The Atomic Clock Scientific Precision
Precision is becoming increasingly important in modern technologies and none more so than accuracy in time keeping. From the internet to satellite navigation, precise and accurate synchronicity is vital in the modern age.
In fact many of the technologies that we take for granted in today’s world, would not be possible if it wasn’t for the most accurate machines invented – the atomic clock.
Atomic clocks are just timekeeping devices like other clocks or watches. But what stands them apart is the accuracy they can achieve. As a crude example your standard mechanical clock, such as a town centre clock tower, will drift by as much as a second a day. Electronic clocks such as digital watches or clock radios are more accurate. These types of clock drift a second in about a week.

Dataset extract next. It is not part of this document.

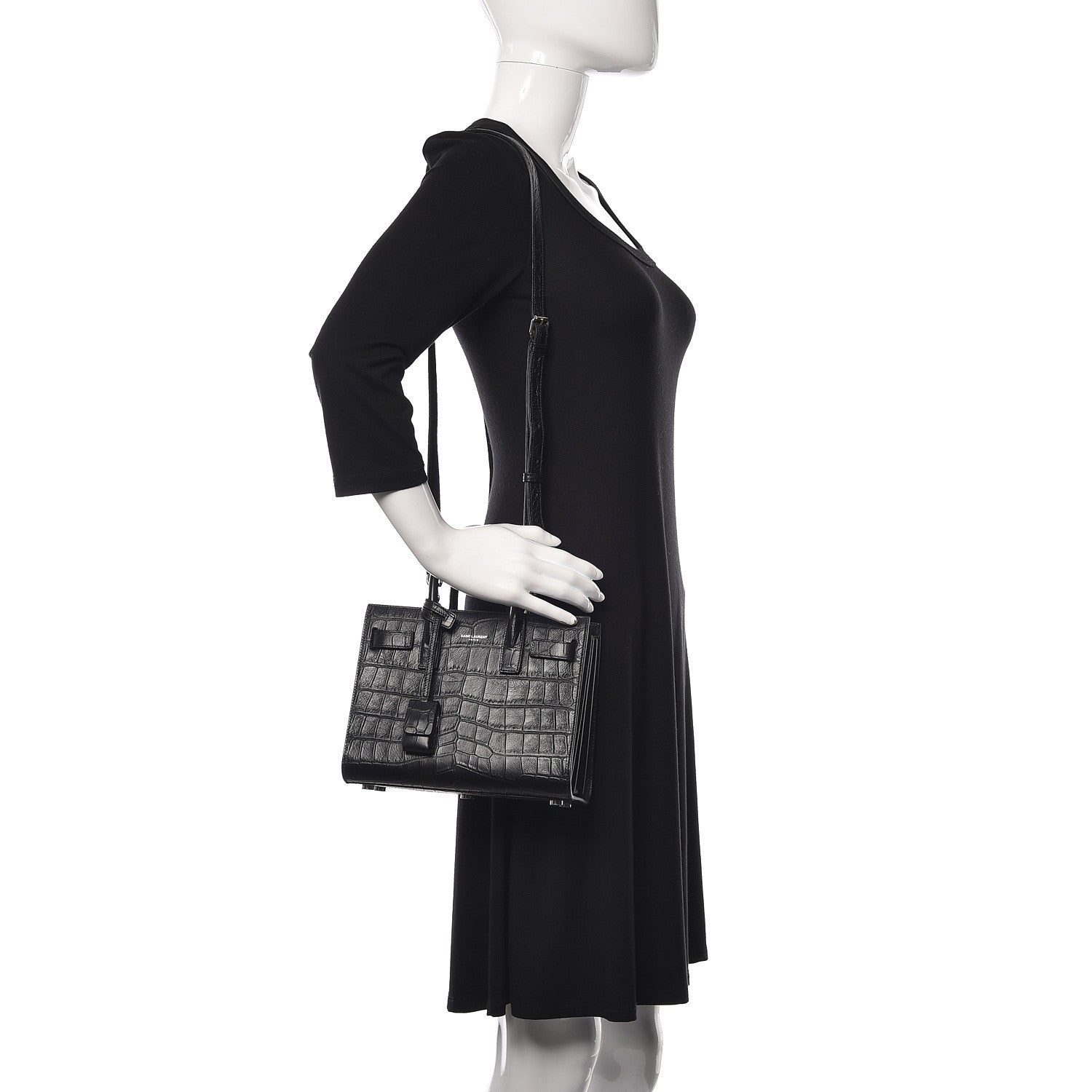 Saint Laurent Calfskin Crocodile Embossed Nano Sac De Jour Black 2 of 10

However, when you compare the precision of an atomic clock in which a second will not be lost or gained in 100,000 years or more the accuracy of these devices is incomparable.
Atomic clocks can achieve this accuracy by the oscillators they use. Nearly all types of clock have an oscillator. In general, an oscillator is just a circuit that regularly ticks.
Mechanical clocks use pendulums and springs to provide a regular oscillation while electronic clocks have a crystal (usually quartz) that when an electric current is run through, provides an accurate rhythm.
Atomic clocks use the oscillation of atoms during different energy states. Often caesium 133 (and sometimes rubidium) is used as its hyperfine transitional oscillation is over 9 billion times a second (9,192,631,770) and this never changes. In fact, the International System of Units (SI) now officially regards a second in time as 9,192,631,770 cycles of radiation from the caesium atom.
Atomic clocks provide the basis for the world’s global timescale – UTC (Coordinated Universal Time). And computer networks all over the world stay in sync by using time signals broadcast by atomic clocks and picked up on NTP time servers (Network Time Server).